Apple CEO Steve Jobs shows off the new iPad during an event in San Francisco Jan. 27, 2010. AP Photo

Apple pressed local police to investigate the loss of a next-generation iPhone a day after Gizmodo published photographs, telling investigators that prototype was so valuable a price could not be placed on it, according to court documents made public Friday.

In response to arguments made by CNET and other media organizations, a San Mateo judge unsealed documents that provide a detailed glimpse into an April 20 meeting between Apple lawyers and executives and law enforcement, and highlights of a madcap dash for evidence that evening that led a police detective to a gas station, a church, and a bush in Redwood City where a thumb drive and a 1 GB Lexar Media compact flash card were allegedly hidden.

During the meeting with law enforcement, Apple attorney George Riley told detectives that the publication by Gizmodo -- part of Gawker Media -- was immensely damaging. "Sales of current Apple products are hurt wherein people that would have otherwise purchased a currently existing Apple product would wait for the next item to be released, thereby hurting overall sales and negatively effecting Apple's earnings," Riley said, according to an affidavit prepared by a police detective made public on Friday.

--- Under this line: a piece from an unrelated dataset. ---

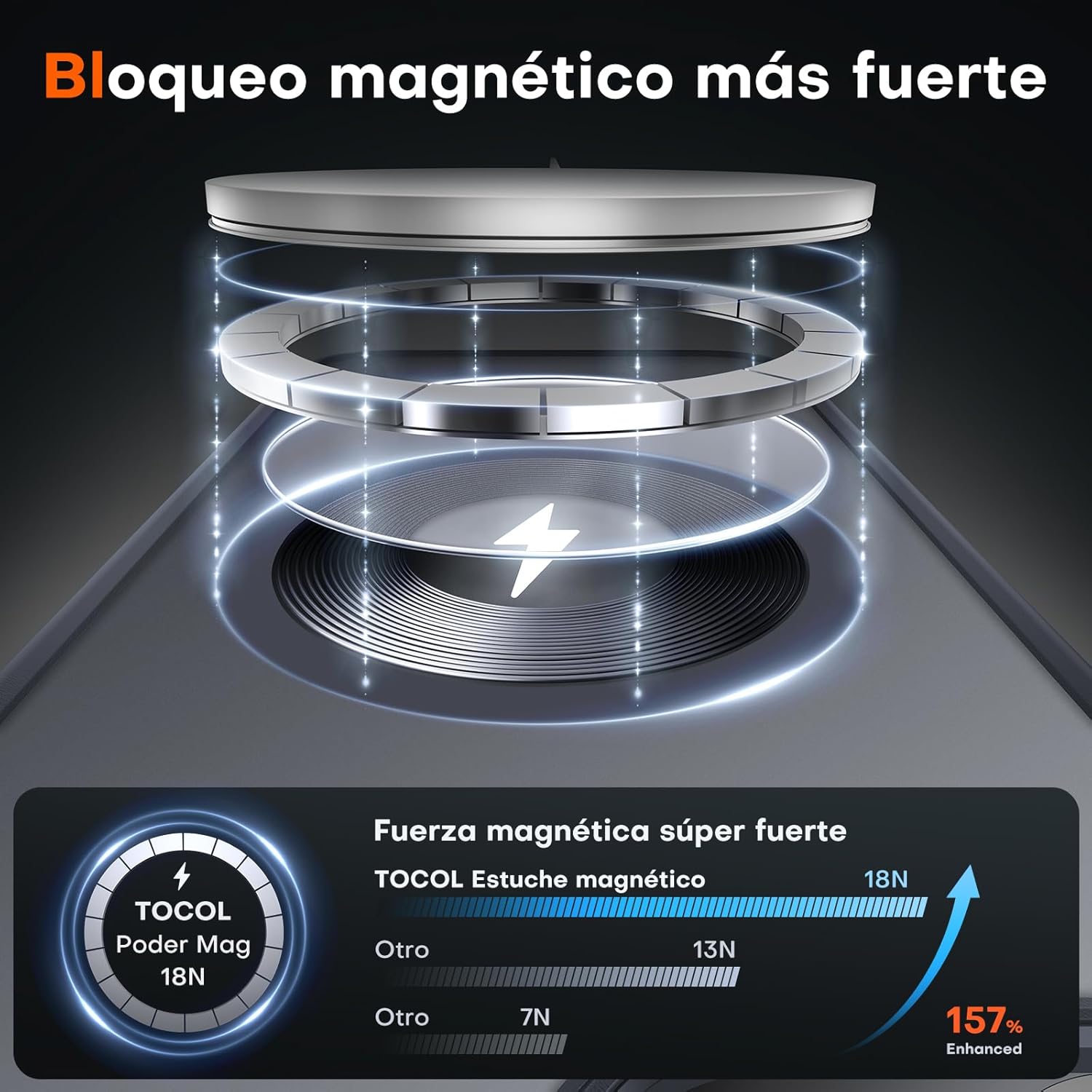 TOCOL Funda para iPhone 17e, Protección Lente Cámara, Compatible con MagSafe, Protección contra Caídas, Translúcida Mate Trasera, para iPhone 17 e 6.1 Pulgadas, Titanio Negro - 3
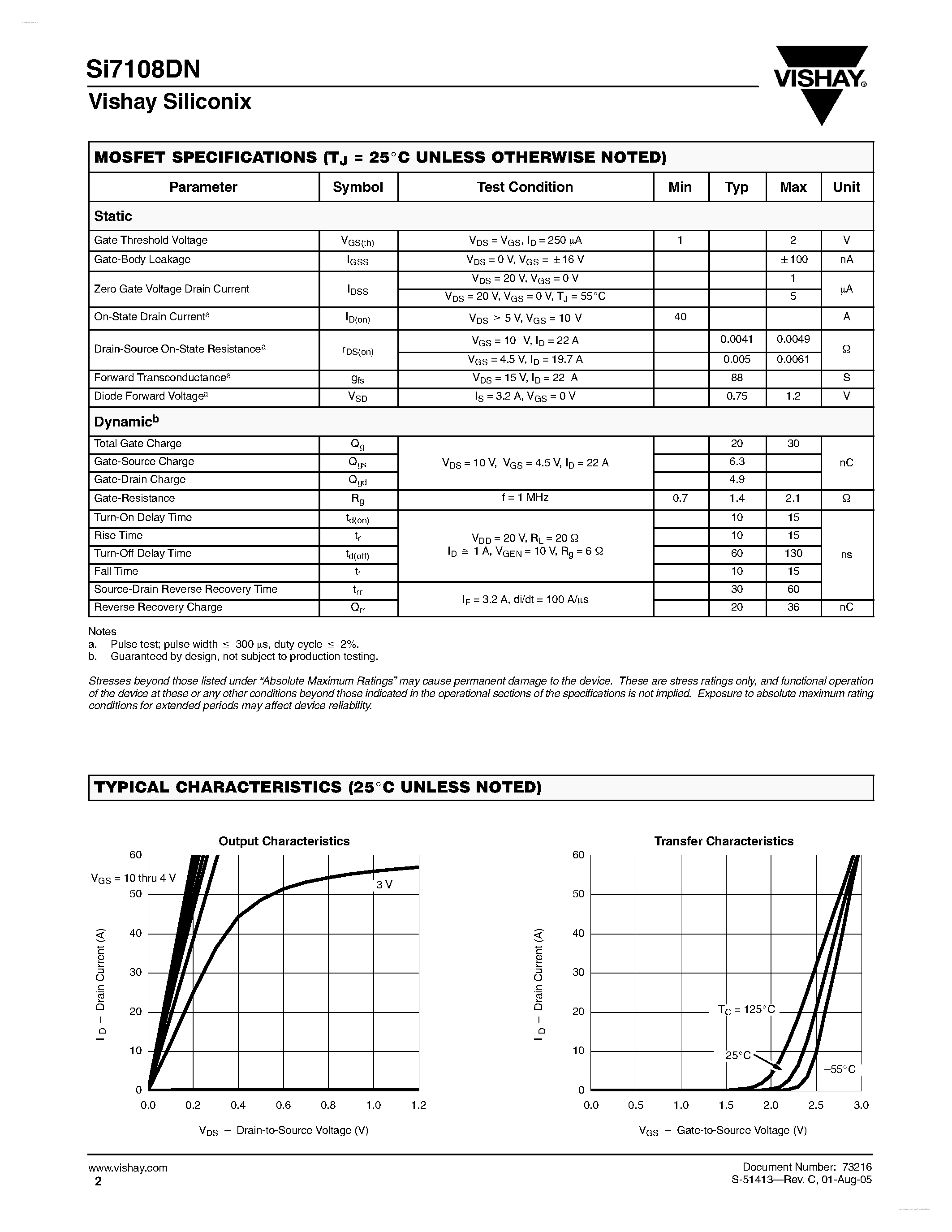 Даташит SI7108DN - N-Channel 20-V (D-S) Fast Switching MOSFET страница 2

Apple CEO Steve Jobs personally contacted Gizmodo editor Brian Lam to request the prototype's return the day the story was published on April 19, but Lam refused to do so unless the company provided "confirmation that it is real, from Apple, officially," according to an e-mail message that was also made public.

"Right now, we have nothing to lose," Lam wrote. "The thing is, Apple PR has been cold to us lately. It affected my ability to do my job right at iPad launch. So we had to go outside and find our stories like this one, very aggressively." (Gawker Media has offered to pay anyone who gave them or lent them Apple prototypes.)

Brian Hogan, a 21-year old Redwood City resident, found the phone in a bar. But the affidavit prepared by Detective Matthew Broad in the San Mateo County sheriff's office reveals that an important tip came when Hogan's roommate, Katherine Martinson, called police on April 21 to let them know he had examined it.